Brogdon, a 6-5 redshirt junior, enters the season as an All-America candidate, and he heads a large group of veterans at Virginia. Others include the 6-2 Perrantes, 6-8 senior Darion Atkins, 7-0 junior Mike Tobey, 6-6 junior Justin Anderson, the 6-8 Nolte and the 6-8 Gill, who like Brogdon is a redshirt junior.
“I think all the guys have taken a step and have improved in the offseason, and now we get to test it and see where that’s at,” head coach Tony Bennett said Monday.
UVa’s newcomers this season include four freshmen: 6-11 Jack Salt, 6-5 Marial Shayok, 6-5 B.J. Stith and 6-7 Isaiah Wilkins. Shayok has earned a spot in the backcourt rotation, but at least one of his classmates might redshirt, as Hall did in 2013-14.
The Dukes finished 11-20 last season, their sixth under head coach Matt Brady. For Virginia, associate head coach Ritchie McKay prepared the scouting report on JMU. The `Hoos, who defeated the Dukes 61-41 last season, lead the series 9-0.
“They’re a little different, and we’re a little different,” McKay said. “Because they don’t have a couple of their players, it’s hard to say what they’ll emphasize or where they think they might be able to exploit our defense.
“There’s always that element of the unknown in the beginning, but our hope is that with the returners that we do have, they’re used to the unexpected.”
The season-opener is “always the most unsettling game,” McKay said. “I remember as a head coach I used to hate first games, because I didn’t know what to expect from not only our team but from the opponent. There’ll be a little trepidation there, and I’m sure it’ll be rocking in Harrisonburg. But it’s a great challenge, a great test for us early.”
A packed house is expected at the 6,426-seat Convocation Center, where UVa hasn’t played since Dec. 1, 1982. This will be the second time in three seasons Virginia has opened away from JPJ. The `Hoos lost at George Mason on Nov. 9, 2012.
“Not a lot of people are doing that, but we thought, let’s test ourselves right away and see what we’ve got,” said Bennett, whose team meets VCU in Richmond on Dec. 6.

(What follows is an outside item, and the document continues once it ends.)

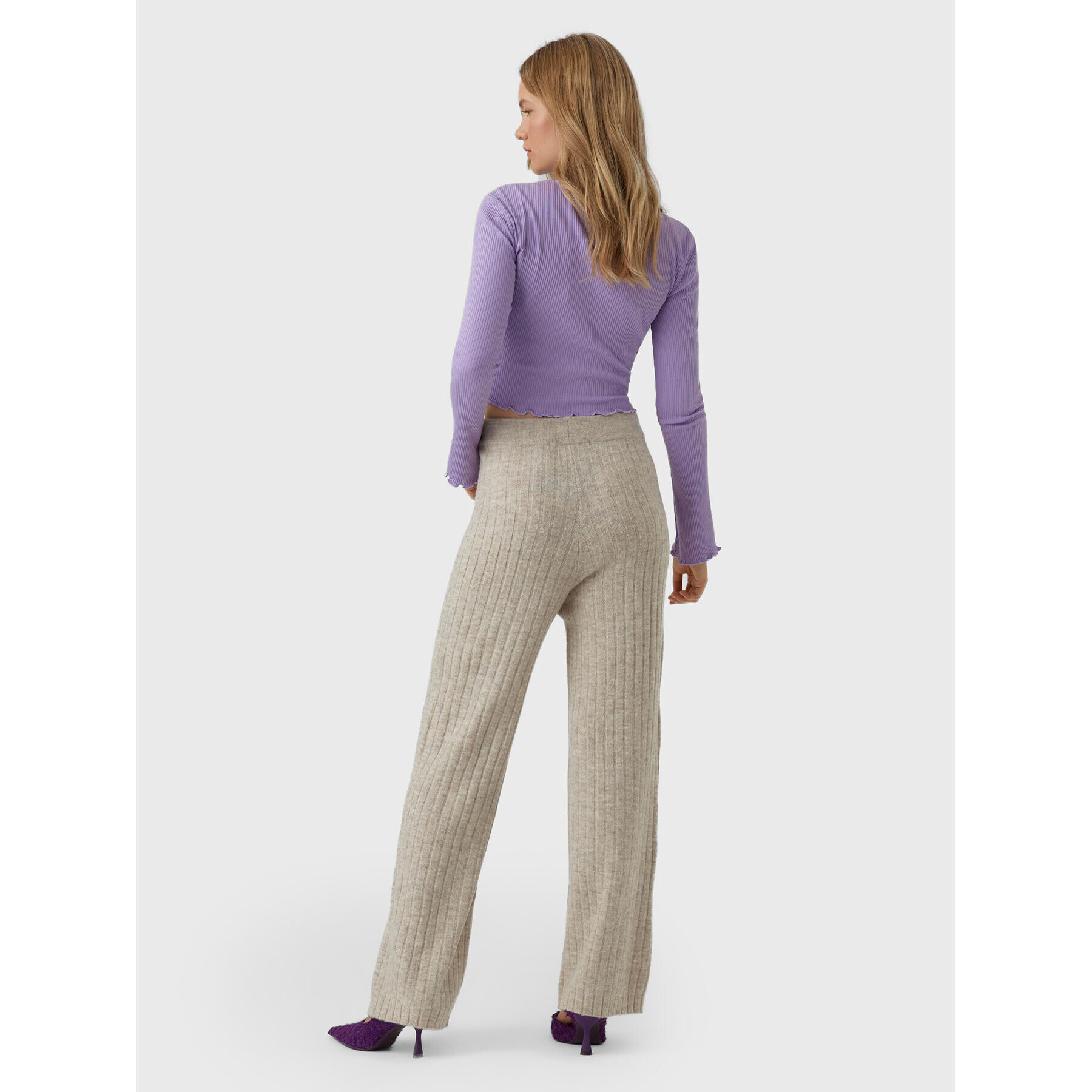 Vero Moda Блуза Hati 10275570 Виолетов Slim Fit - Pepit.bg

“If you’re going to be a quality ball club, you have to be able to [play] in those settings.”
At the Convocation Center, his team will be thrust into a “great atmosphere, of course, and it’s going to certainly be a terrific challenge, and you’re going to have to bring a level of consistent play in that setting,” Bennett said.
“Again, it’ll test us, and we’re going to learn something from that game, without a doubt, and then bang, we turn around and there’s one on Sunday, one on Tuesday.”
After opening at JMU, Virginia will play its next four games at home: Sunday night against Norfolk State, Tuesday night against South Carolina State, Nov. 21 against George Washington and Nov. 25 against Tennessee State.
The Cavaliers’ ranking in the preseason Associated Press poll, No. 9, is their highest since 1982-83. But they struggled at times in their scrimmages, especially last weekend against Georgetown, and the `Hoos know they’ve not invincible.
“I think what it showed us is that if we’re not really right and disciplined on both ends of the floor, we are vulnerable,” Bennett said, “and I know that’s a message that every coach talks about, but it’s true, and I think that shows up.
“We’re a different team than last year, so I certainly accept that and acknowledge that. And we’re different obviously without Evan and London.
“I thought there were some lapses. The consistency that you hope for was fleeting in our last scrimmage, so that’s the challenge … But there’s bright spots. Guys can do things. There’s certainly that, too.”
Bennett is about to start his sixth season at UVa, where his record is 106-60, with two trips to the NCAA tournament and one appearance in the NIT. Despite his success, he’s been anything but complacent during the preseason.
“If anything he’s picked up his intensity,” Brogdon said. “He’s going at us harder. He’s pushing us harder. He understands that we have a target on our back, but at the same time he understands we have so much to work on and have to get so much better to accomplish the things we want to accomplish.”